Exercise brief: Copy exactly the lines of the data below, beginning with the line with "9251 Water Oak Drive, Arlington, TX 76002" and ending with the line with "Epis Hotel Agia Marina Exterior foto". Pictures are to be omitted.
━━━ Data provided ━━━
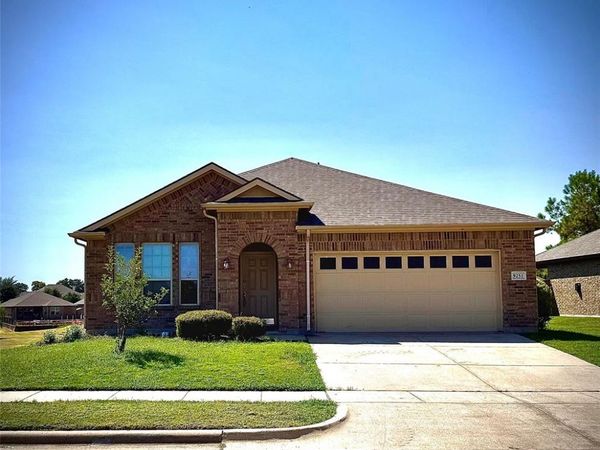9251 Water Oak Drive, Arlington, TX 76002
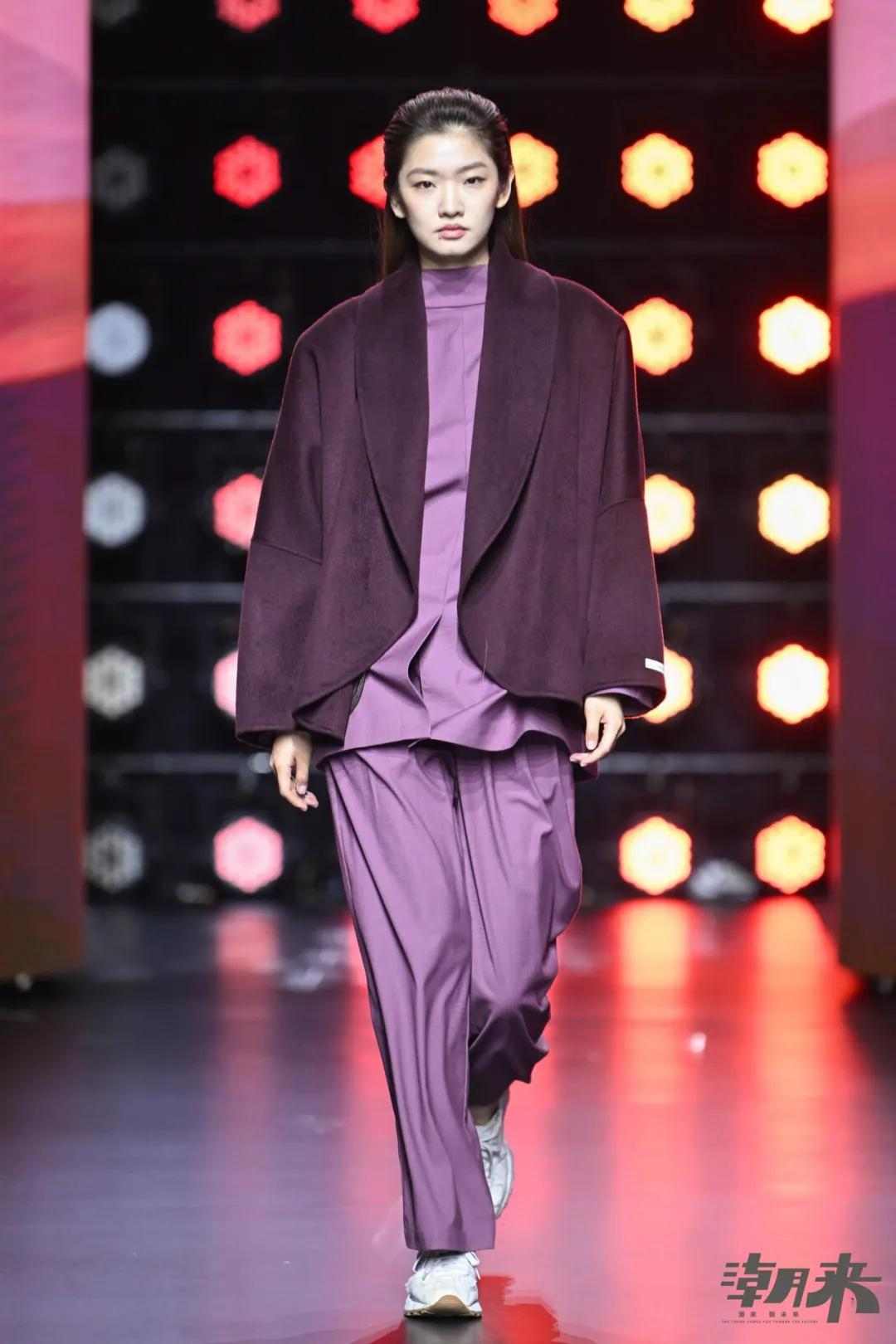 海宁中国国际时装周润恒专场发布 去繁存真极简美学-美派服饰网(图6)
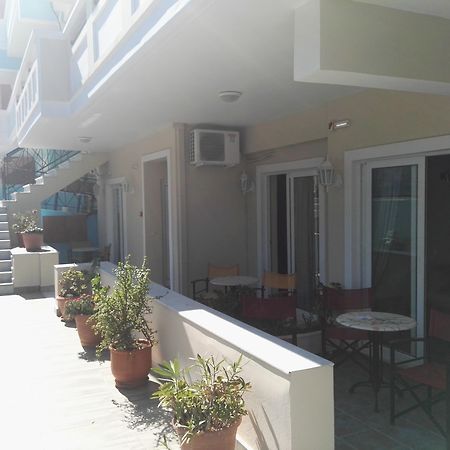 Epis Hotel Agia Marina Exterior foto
━━━
━━━ Data provided ━━━
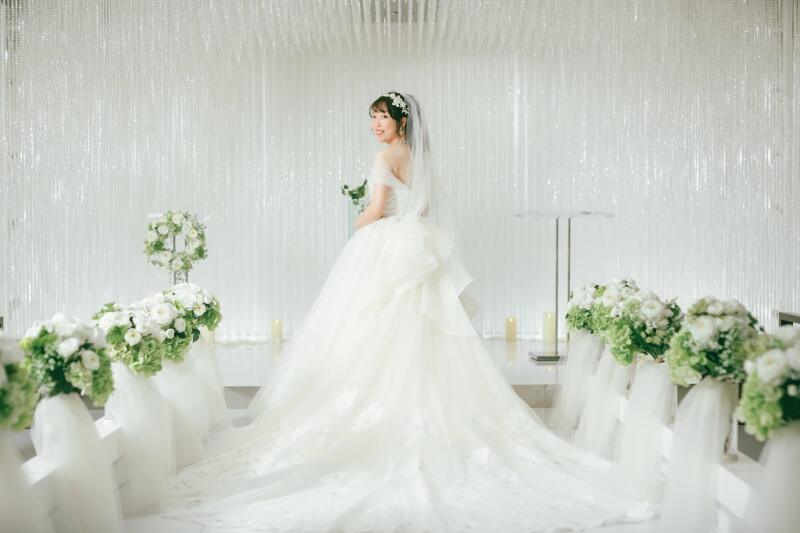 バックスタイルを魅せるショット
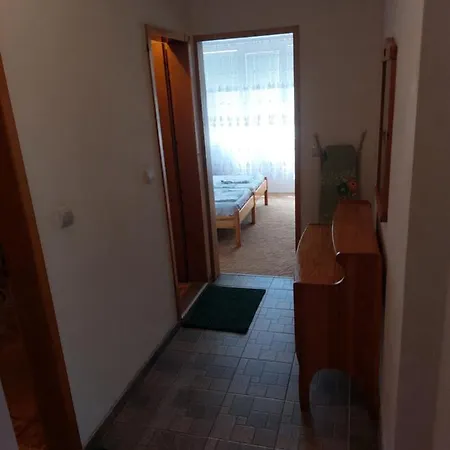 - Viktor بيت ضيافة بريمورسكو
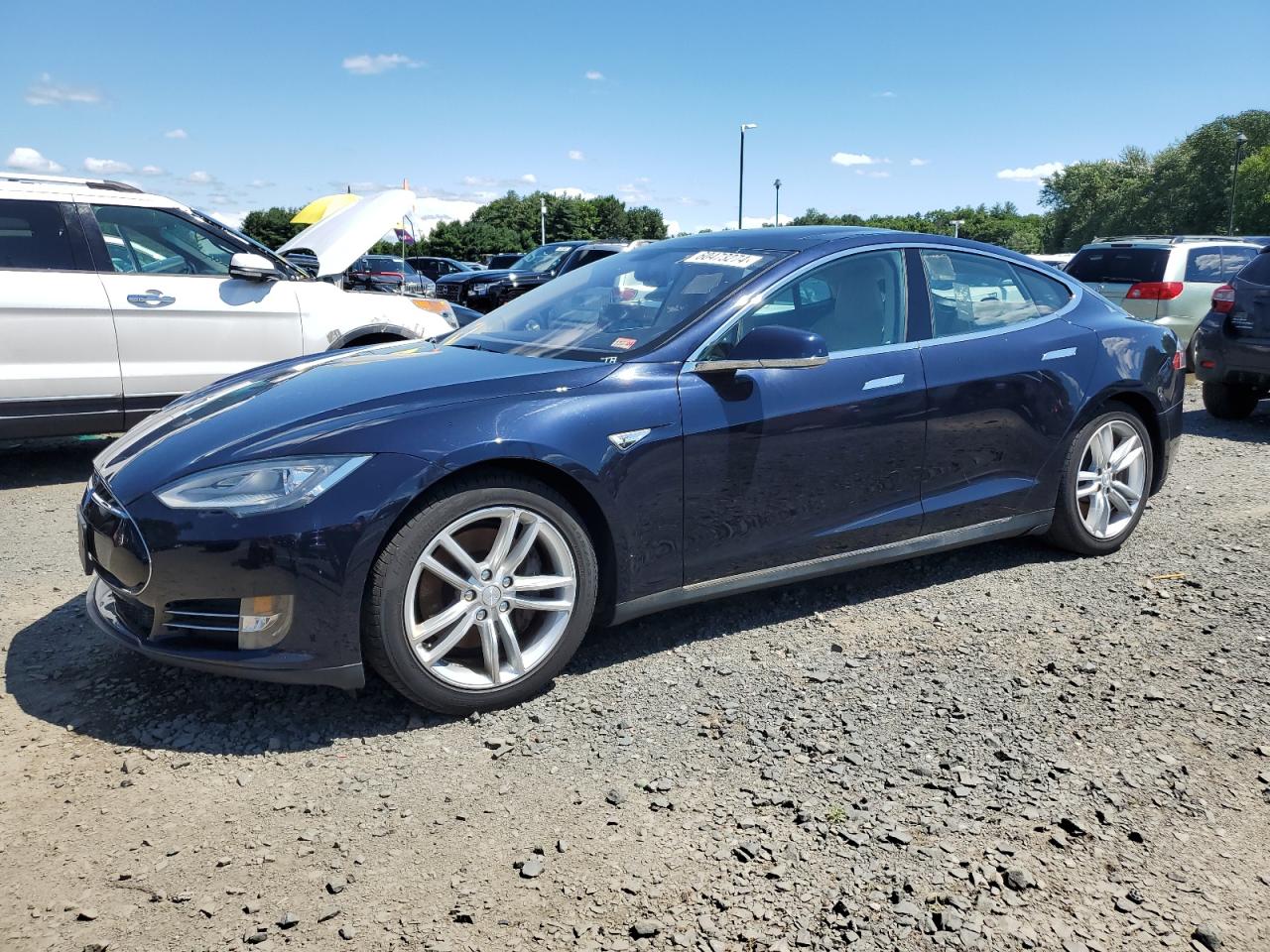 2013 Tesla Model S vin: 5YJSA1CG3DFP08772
━━━
Exercise result:
9251 Water Oak Drive, Arlington, TX 76002
 海宁中国国际时装周润恒专场发布 去繁存真极简美学-美派服饰网(图6)
 Epis Hotel Agia Marina Exterior foto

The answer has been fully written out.